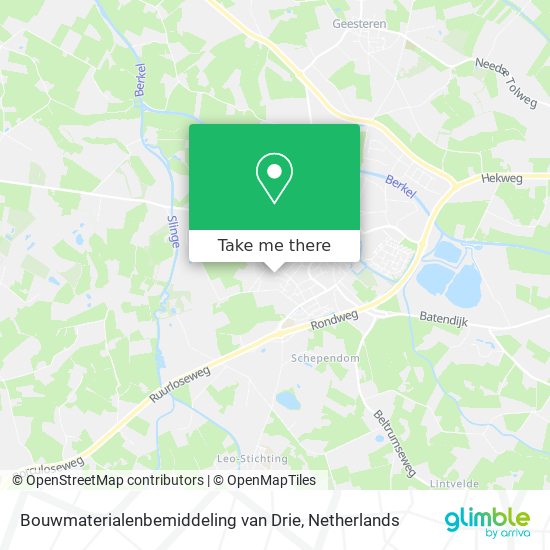 Bouwmaterialenbemiddeling van Drie map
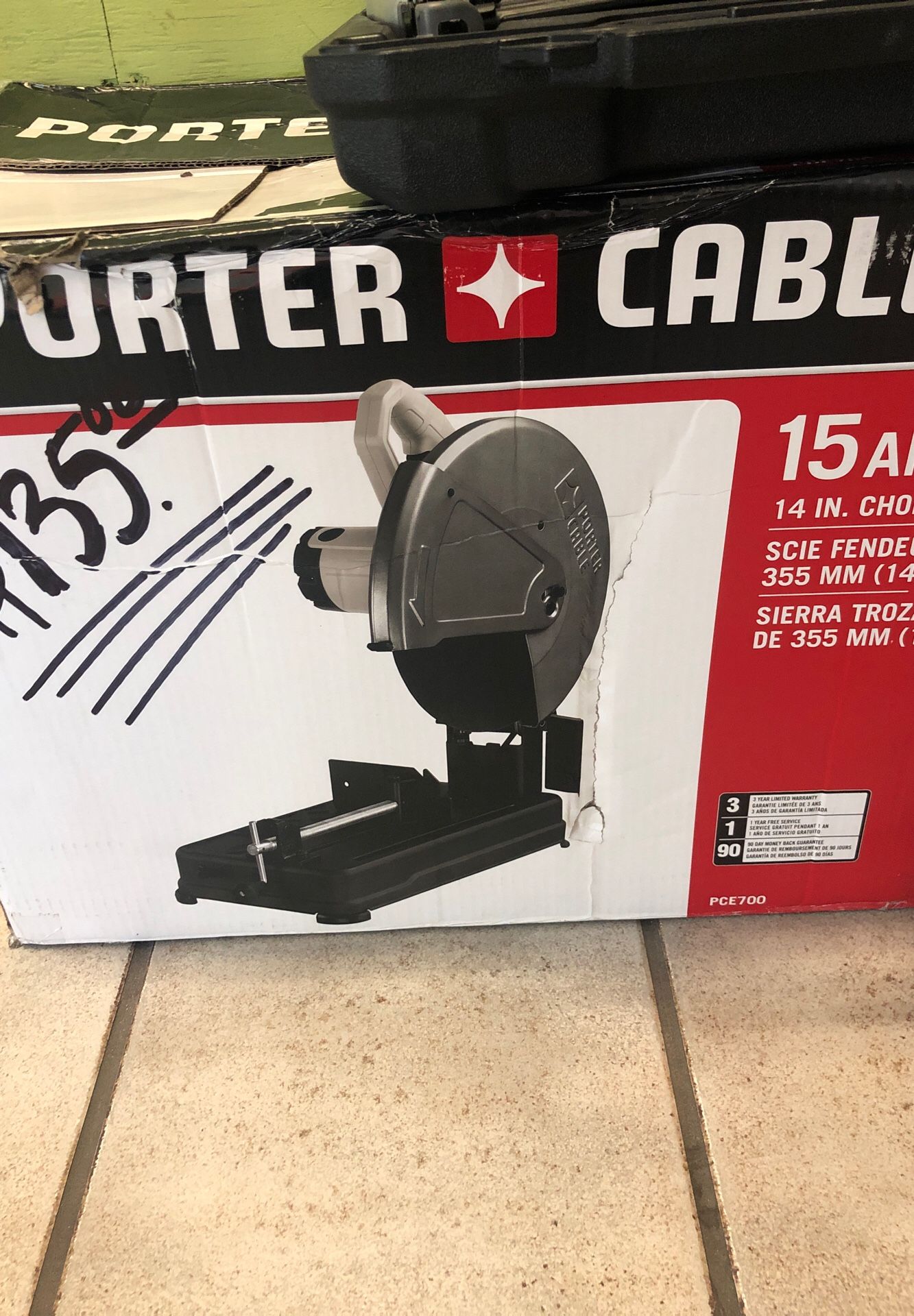 Porter cable chop saw
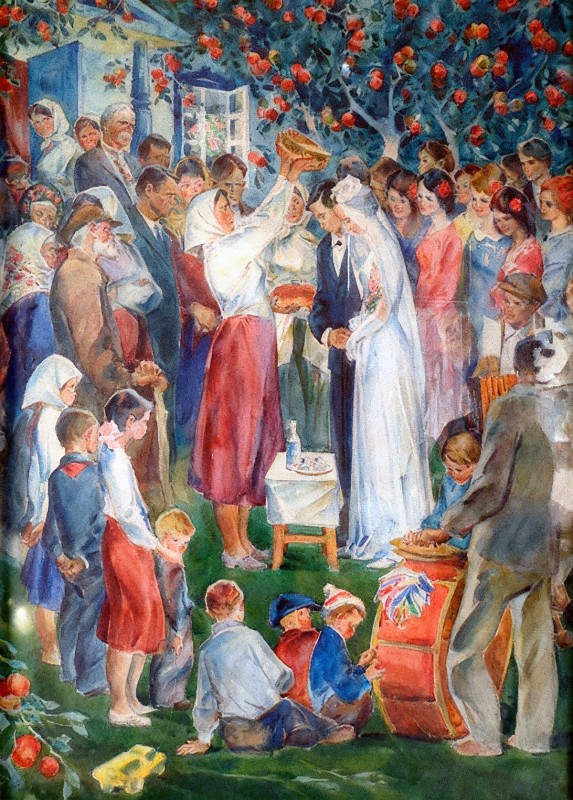 Молодих посівають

### The task
Repeat the full listing above exactly, with no pictures in the copy.

### Answer to the exercise
 Bouwmaterialenbemiddeling van Drie map
 Porter cable chop saw
 Молодих посівають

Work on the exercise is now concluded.